FILE PHOTO: European Central Bank (ECB) executive board member Sabine Lautenschlaeger delivers her keynote speech during the annual regulatory conference of Austrian markets watchdog FMA in Vienna September 30, 2014. REUTERS/Heinz-Peter Bader
“I’m concerned about looming deregulation. Not just in the United States but also in Europe,” the weekly Welt am Sonntag quoted Lautenschlaeger as saying in an interview.
“After the financial crisis supervisors were strengthened and given instruments to proactively react to looming risks. Before that they could only react when the damage had already been done. We need to ensure that the pendulum doesn’t swing back to that,” said Lautenschlaeger, who is also deputy head of the ECB banking supervisor.
The European Central Bank last month unveiled a compromise solution on how banks must set aside cash against a large pile of bad loans after plans by its Single Supervisory Mechanism (SSM) to force them to set aside money within a given timeframe met resistance from bankers, lawmakers and even within the central bank.
“There are some proposals on capital rules that worry me.

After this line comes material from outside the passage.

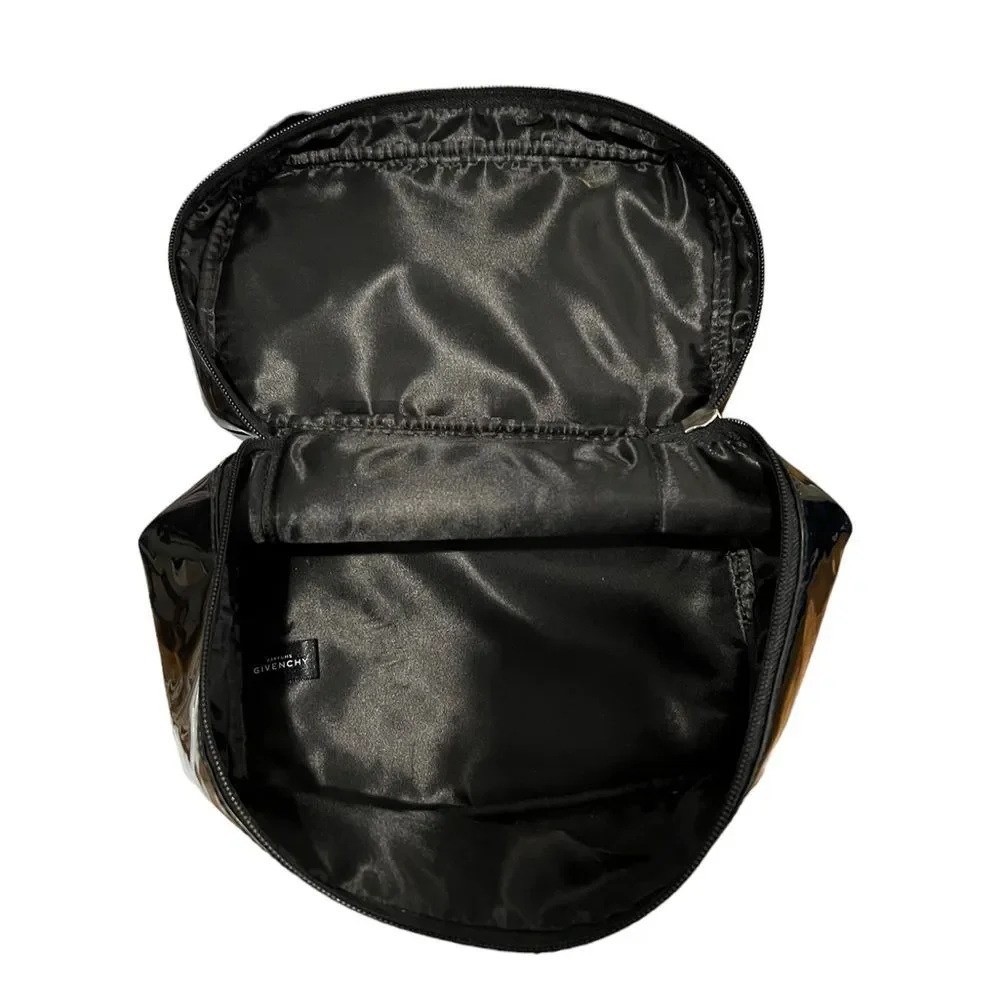 Parfums Givenchy Make Up Bag Case w Zipper Black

It could become more difficult for supervisors to demand more capital for certain risks. Supervisors’ instruments would be weakened,” Lautenschlaeger said, without being more specific.
Commenting on ECB monetary policy, she said that it would be wrong for the central bank to abruptly change direction.
“That would help neither the economy nor price stability … I am very much in favor of normalizing monetary policy. That also means that we should gradually raise interest rates. The pre-condition is that the path to price stability is sustainably strengthened,” she said.